With data warehouses, the data consists of only quantitative metrics and the attributes that describe them. Of course, new types of data are being introduced but storing them in these warehouses is both expensive and difficult.
Data lakes on the other hand, embrace non-traditional types of data – such as web server logs, sensor data, social network activity, images, etc. All sorts of data, regardless of their source or structure are kept in their raw form, ready to be transformed when the need arises.
Data warehouses function like a repository, which means changing its structure is not an arduous task but definitely time consuming. Even a well-designed warehouse that is highly adaptable to change suffers because of the complexity of the data loading process rendering the system resourceheavy and slower to respond. The ever-increasing need for faster answers is what has given rise to the concept of self-service business intelligence.
A data lake, however does not possess a structure and since data is always accessible, developers and data scientist are empowered to easily configure and reconfigure models and apps on the fly. Constant changes – whether deletions or additions can be carried out without changing any structure or employing additional resources.
Larger user base
In an organization, there are three main sets of data users – Operational, analytic and modelers. Operational users make up a huge chunk of data users, often taking up around 80% of user base. They are confined to using data for mundane tasks such as viewing reports, key performance metrics, editing data on spreadsheets, etc. Analytic users, forming 10%, use the data warehouse as a source but often require additional data which is stored outside the organization. Unlike operational users, analytic users are required to go beyond data warehouses. Modelers differ greatly from these two – they delve into deeper analysis. This requires far more than what a data warehouse could possibly offer. Most often, these data scientists tend to surpass data warehouses and use advanced analytic tools and capabilities like statistical analysis and predictive modeling.
A data lake approach supports all three of these users equally well. The data scientists can go to the lake and work with the very large and varied data sets they need while other users make use of more structured views of the data provided for their use.
Since data lakes contain all sorts of data types in raw form, it enables users to get to their results faster than the traditional data warehouse approach. However, this promptness does come at a cost where the user is expected to transform, cleanse and structure the data as they see fit. This approach may mainly work with the aforementioned analytic and modeler type of users as operational users may not possess the capabilities or the acumen to deal with such large amounts of unstructured data.

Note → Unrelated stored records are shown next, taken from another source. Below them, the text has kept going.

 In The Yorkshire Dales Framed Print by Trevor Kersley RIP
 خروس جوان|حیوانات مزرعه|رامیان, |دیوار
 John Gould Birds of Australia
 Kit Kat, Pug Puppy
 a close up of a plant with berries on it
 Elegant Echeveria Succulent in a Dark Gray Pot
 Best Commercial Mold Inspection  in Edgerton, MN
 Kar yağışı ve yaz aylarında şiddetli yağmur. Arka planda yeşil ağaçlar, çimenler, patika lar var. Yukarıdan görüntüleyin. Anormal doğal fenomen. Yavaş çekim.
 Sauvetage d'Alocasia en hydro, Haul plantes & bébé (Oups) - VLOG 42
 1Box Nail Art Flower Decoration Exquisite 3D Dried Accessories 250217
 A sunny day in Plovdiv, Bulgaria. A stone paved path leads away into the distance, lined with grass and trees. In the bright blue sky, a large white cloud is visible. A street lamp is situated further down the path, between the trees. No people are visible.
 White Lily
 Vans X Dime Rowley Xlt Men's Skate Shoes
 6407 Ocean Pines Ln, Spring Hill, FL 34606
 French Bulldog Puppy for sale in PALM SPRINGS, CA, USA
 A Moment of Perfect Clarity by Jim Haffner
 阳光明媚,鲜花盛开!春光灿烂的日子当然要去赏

While it may seem that a data lake approach is the way to go, you don’t necessarily have to do away with your current warehouse solution. It is important to note that the data lake is not a better version of a warehouse, nor is it a replacement. They are both optimized for different purposes, and the goal is to use each one for what they were designed to do. It is quite possible to use both in tandem
A data lake can be used for sandboxing, allowing users to experiment with different data models and transformations, before setting up new schema in a data warehouse or could also serve as a staging area, where data is supplied to a data warehouse.
By using both prospects suitably, it is possible to find the perfect solution to your data storage needs.